__ABOUT THIS EXERCISE__. From the data that follows, copy every line holding the string "Leather".

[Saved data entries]
# # # # # # #

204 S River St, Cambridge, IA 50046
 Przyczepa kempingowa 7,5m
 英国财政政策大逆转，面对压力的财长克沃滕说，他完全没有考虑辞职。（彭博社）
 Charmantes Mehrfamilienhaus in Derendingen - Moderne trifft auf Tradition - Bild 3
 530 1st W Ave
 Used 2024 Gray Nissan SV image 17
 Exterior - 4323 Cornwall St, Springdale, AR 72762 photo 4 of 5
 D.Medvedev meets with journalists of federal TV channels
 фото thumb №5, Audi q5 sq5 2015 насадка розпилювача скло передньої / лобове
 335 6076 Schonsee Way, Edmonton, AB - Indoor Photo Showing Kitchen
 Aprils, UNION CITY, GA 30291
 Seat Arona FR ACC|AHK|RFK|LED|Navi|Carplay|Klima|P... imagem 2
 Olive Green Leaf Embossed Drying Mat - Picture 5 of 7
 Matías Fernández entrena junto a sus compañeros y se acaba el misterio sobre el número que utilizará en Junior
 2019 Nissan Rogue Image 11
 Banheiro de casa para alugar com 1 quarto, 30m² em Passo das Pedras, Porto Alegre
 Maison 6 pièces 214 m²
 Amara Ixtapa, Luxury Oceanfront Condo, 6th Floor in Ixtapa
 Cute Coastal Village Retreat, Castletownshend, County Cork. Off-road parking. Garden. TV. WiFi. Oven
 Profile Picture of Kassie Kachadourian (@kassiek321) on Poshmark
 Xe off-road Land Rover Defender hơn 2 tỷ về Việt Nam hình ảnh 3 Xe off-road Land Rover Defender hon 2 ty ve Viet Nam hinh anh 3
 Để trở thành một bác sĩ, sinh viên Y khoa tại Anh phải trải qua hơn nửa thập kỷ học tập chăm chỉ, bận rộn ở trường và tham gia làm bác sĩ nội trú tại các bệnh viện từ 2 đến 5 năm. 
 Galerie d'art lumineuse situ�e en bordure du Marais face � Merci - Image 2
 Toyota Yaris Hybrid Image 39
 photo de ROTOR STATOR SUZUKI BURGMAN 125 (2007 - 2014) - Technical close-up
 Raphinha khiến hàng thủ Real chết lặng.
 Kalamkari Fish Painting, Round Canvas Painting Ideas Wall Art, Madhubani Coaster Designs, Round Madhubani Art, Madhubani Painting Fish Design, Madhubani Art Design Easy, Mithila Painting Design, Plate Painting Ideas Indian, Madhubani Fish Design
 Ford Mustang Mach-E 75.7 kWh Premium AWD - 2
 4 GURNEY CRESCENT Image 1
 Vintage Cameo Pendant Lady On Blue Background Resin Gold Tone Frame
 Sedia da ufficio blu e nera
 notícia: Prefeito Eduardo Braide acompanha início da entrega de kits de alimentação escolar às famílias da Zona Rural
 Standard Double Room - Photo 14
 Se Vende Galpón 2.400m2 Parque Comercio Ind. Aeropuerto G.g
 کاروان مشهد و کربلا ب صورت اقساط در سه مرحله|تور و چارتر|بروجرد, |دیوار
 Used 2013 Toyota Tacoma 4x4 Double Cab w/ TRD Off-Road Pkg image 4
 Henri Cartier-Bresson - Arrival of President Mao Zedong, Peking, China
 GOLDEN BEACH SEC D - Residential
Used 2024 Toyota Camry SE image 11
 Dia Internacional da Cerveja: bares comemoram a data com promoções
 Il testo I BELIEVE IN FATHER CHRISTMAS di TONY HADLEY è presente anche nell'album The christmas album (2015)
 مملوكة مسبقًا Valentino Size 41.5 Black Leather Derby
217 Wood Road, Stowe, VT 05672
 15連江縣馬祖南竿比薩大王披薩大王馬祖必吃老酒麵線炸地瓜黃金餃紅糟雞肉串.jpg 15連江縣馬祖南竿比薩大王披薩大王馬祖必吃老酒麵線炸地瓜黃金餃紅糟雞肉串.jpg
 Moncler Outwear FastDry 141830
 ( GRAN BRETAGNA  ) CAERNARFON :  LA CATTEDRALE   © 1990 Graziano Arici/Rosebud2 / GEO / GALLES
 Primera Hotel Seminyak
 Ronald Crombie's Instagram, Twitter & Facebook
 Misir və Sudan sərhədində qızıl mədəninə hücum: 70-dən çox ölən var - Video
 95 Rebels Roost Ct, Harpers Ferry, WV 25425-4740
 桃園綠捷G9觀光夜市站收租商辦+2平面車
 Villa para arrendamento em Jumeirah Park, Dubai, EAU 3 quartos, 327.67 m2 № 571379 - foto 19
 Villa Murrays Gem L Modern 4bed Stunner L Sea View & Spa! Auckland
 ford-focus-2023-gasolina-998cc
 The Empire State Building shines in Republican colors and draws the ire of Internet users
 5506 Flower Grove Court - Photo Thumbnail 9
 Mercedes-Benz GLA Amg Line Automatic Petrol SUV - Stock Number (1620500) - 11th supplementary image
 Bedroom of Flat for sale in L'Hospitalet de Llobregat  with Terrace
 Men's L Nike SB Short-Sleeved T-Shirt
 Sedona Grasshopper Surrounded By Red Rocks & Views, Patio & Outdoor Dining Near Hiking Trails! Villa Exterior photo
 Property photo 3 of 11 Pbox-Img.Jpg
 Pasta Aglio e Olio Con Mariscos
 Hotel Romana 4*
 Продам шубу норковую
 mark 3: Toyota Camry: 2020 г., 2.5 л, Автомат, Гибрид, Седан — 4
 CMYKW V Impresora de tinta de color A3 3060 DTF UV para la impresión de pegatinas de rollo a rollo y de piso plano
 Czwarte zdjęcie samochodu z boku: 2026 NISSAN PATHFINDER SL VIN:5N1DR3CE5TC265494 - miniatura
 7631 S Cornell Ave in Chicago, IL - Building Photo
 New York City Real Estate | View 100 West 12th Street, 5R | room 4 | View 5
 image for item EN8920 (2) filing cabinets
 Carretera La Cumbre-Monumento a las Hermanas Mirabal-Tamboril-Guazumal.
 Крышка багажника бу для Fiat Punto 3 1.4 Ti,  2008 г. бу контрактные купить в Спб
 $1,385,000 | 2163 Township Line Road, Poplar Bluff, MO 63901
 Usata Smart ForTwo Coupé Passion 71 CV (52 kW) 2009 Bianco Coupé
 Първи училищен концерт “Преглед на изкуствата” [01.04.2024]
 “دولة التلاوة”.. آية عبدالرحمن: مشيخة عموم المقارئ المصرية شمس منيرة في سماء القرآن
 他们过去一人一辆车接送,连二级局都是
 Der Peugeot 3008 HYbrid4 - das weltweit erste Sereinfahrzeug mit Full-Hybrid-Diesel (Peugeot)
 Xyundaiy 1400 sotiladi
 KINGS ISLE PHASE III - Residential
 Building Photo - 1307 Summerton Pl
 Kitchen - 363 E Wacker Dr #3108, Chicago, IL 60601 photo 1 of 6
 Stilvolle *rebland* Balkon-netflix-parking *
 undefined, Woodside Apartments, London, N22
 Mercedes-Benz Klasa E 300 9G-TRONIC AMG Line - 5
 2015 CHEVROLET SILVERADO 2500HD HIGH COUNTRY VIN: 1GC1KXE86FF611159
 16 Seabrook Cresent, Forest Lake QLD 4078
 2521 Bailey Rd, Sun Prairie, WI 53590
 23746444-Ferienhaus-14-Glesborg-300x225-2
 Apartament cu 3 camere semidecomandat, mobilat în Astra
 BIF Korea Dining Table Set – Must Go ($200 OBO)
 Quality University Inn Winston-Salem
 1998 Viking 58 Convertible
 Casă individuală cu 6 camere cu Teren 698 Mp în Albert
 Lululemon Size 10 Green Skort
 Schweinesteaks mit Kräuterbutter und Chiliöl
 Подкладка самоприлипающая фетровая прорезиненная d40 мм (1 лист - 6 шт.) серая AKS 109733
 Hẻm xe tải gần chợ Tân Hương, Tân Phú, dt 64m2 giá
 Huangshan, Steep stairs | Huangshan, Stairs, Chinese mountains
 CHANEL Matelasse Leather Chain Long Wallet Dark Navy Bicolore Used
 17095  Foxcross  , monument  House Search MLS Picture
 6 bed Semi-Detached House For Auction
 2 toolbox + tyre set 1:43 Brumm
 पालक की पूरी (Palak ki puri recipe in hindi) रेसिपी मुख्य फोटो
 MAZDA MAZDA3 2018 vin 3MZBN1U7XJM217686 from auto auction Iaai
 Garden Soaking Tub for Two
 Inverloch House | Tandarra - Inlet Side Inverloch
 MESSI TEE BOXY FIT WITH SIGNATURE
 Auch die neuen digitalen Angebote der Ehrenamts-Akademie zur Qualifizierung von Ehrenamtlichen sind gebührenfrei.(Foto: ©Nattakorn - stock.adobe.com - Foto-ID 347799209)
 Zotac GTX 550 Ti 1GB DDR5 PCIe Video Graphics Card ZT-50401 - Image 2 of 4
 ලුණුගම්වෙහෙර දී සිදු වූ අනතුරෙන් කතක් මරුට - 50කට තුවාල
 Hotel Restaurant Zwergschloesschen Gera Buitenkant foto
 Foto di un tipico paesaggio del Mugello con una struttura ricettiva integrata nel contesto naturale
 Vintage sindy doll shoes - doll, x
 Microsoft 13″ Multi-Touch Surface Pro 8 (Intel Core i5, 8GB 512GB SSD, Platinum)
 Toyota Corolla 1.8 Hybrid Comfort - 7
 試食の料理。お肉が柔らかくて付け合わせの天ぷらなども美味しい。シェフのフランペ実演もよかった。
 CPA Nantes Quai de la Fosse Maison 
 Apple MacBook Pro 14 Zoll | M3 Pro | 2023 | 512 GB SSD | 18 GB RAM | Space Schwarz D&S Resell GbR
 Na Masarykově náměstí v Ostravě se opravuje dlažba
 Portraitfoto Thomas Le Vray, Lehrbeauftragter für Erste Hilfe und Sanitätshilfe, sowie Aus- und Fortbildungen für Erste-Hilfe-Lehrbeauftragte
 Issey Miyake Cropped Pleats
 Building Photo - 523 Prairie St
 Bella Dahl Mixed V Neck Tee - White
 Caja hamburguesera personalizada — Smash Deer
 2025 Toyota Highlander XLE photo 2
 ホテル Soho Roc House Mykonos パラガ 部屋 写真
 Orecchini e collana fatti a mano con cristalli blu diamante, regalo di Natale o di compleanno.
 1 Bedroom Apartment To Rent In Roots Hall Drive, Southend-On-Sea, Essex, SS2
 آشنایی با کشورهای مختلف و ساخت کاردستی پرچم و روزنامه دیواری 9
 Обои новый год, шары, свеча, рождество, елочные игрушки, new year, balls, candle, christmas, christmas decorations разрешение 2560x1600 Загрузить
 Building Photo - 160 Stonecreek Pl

# # # # # # #

__ANSWER TO THIS EXERCISE__.
 مملوكة مسبقًا Valentino Size 41.5 Black Leather Derby
 CHANEL Matelasse Leather Chain Long Wallet Dark Navy Bicolore Used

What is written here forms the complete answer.